Atak sił specjalnych był dla terrorystów całkowitym zaskoczeniem. Zginęli wszyscy porywacze oraz 20 żołnierzy ugandyjskich. Operacja kosztowała także życie czterech zakładników oraz dowódcę oddziału szturmowego - płk. Jonatana Netanyahu, starszego brata obecnego premiera Izraela Benjamina Netanyahu.
Zobacz FILM:
Naukowcy w strachu
W ostatnich latach Mossad próbuje zablokować irański program budowy broni atomowej. Co kilka miesięcy w tajemniczych okolicznościach umierają osoby zaangażowane w ten projekt. W styczniu 2010 r. zginął Masud Ali Mohammadi, profesor fizyki na teherańskim uniwersytecie. W jego samochód wjechał motocykl pułapka.

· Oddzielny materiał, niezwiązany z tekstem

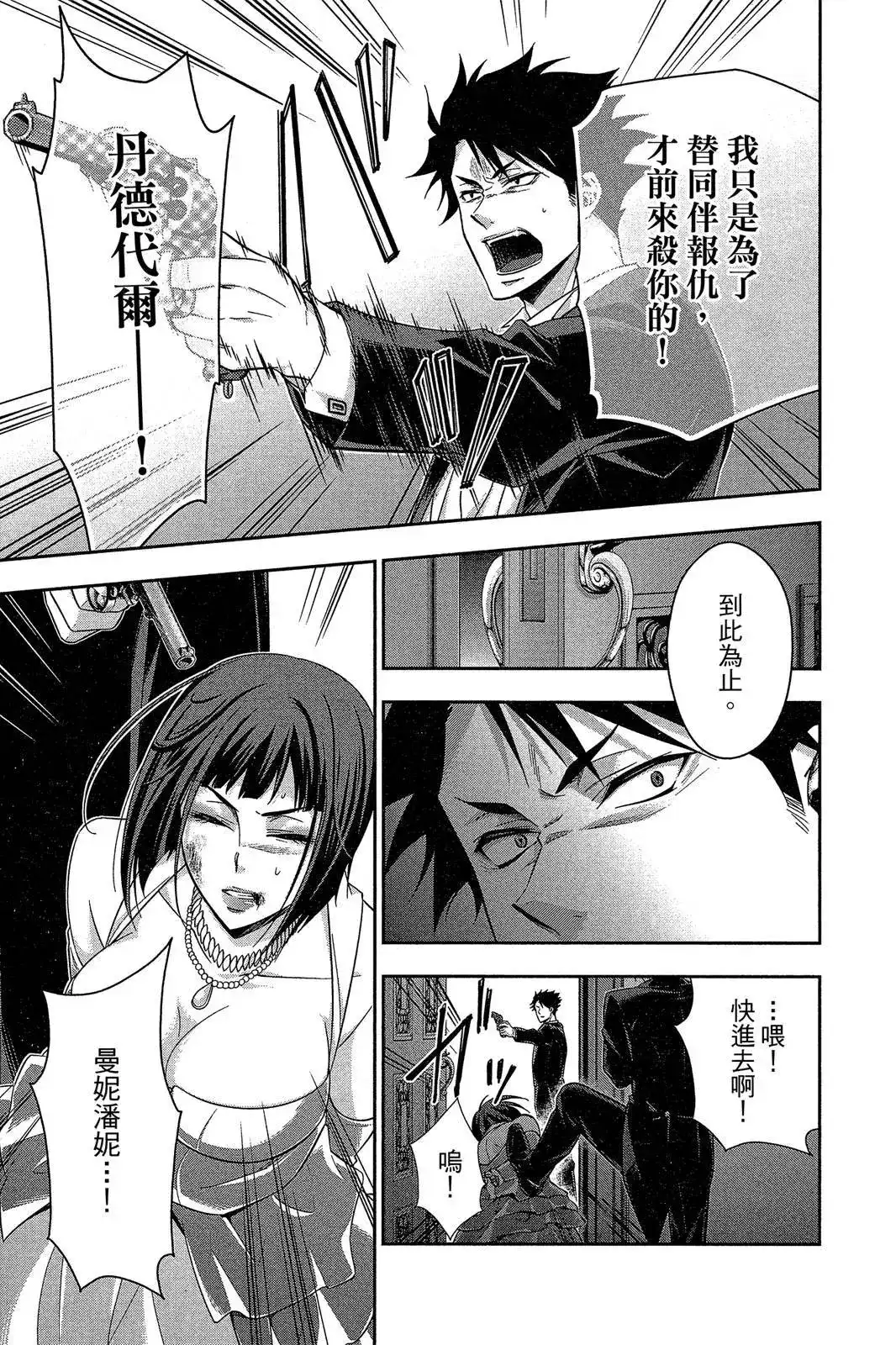 第97页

Kilka miesięcy później podobny wypadek przydarzył się innemu naukowcowi. Madżid Szahriari jechał zatłoczoną ulicą Teheranu, gdy w pewnym momencie obok auta zatrzymał się motocyklista. Coś lekko stuknęło w samochód, a po chwili eksplodowała bomba przyczepiona do drzwi. Fizyk poniósł śmierć na miejscu. W tym samym czasie, kilka kilometrów dalej identyczny ładunek wybuchł obok auta Ferejduna Abbasiego Dawaniego, specjalisty od pocisków rakietowych. Udało mu się jednak w ostatniej chwili uciec. Śmierci nie uniknął natomiast Mostafa Ahmadi Roszan, inżynier pracujący w ośrodku atomowym w Natanzu. Zginął rok temu w wyniku wybuchu bomby magnetycznej przyczepionej do samochodu, którym jechał. Kilka miesięcy temu w Iranie powieszono 24-letniego Dżamala Fasziego, któremu zarzucono udział w zamachu na jednego z naukowców. Przed śmiercią podobno przyznał się do pobytu w Tel-Awiwie, gdzie miał przejść szkolenie w Mossadzie.